17.2 Schema Basics | XML in a Nutshell, Third Edition

This section will construct, step-by-step, a simple schema document representing a typical address book entry, introducing different features of the XML Schema language as needed. Example 17-1 shows a very simple, well- formed XML document.

Example 17-1. addressdoc.xml

 <?xml version="1.0"?> <fullName>Scott Means</fullName>

Assuming that the fullName element can only contain a simple string value, the schema for this document would look like Example 17-2.
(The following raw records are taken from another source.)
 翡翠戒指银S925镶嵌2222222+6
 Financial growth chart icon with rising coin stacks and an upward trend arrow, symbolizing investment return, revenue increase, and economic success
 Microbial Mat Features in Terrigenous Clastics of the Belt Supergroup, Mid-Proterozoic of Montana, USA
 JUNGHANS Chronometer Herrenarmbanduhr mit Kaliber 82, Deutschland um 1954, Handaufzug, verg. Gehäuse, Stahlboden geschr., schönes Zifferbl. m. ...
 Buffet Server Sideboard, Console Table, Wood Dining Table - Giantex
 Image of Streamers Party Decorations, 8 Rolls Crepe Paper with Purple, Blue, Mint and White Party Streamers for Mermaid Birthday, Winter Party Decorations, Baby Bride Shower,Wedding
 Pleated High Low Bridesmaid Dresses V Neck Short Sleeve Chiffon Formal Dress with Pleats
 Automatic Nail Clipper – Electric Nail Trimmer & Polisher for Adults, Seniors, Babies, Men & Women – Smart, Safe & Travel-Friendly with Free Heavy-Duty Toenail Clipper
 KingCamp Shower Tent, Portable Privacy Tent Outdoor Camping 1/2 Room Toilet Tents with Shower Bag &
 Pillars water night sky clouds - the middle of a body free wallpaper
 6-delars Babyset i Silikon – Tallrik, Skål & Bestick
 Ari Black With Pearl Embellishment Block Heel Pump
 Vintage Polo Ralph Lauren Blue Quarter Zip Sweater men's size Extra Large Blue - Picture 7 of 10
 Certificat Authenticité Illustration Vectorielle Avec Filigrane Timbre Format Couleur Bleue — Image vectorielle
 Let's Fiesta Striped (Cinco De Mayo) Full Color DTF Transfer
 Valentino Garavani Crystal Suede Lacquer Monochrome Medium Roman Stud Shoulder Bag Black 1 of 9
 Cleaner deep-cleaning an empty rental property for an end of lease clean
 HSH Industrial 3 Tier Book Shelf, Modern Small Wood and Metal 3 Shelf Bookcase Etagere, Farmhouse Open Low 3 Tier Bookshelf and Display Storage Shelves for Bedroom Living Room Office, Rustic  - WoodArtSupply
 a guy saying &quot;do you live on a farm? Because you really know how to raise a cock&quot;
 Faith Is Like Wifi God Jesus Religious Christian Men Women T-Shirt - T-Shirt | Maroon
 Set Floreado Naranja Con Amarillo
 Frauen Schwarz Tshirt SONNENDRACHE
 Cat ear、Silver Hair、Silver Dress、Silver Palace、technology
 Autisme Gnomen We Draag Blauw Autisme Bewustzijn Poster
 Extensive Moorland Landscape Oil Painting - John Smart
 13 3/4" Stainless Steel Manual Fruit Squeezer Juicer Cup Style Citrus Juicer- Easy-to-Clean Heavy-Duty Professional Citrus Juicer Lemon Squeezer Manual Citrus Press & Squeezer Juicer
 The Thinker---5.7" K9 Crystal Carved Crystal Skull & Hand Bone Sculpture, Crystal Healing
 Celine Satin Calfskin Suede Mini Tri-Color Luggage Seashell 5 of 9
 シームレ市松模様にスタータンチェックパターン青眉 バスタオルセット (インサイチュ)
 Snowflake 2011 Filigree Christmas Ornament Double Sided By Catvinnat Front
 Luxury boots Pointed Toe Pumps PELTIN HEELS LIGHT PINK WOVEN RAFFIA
Example 17-2. address-schema.xsd

 <?xml version="1.0"?> <xs:schema xmlns:xs="http://www.w3.org/2001/XMLSchema">  <xs:element name="fullName" type="xs:string"/> </xs:schema>

It is also common to associate the sample instance document explicitly with the schema document. Since the fullName element is not in any namespace, the xsi:noNamespaceSchemaLocation attribute is used, as shown in Example 17-3.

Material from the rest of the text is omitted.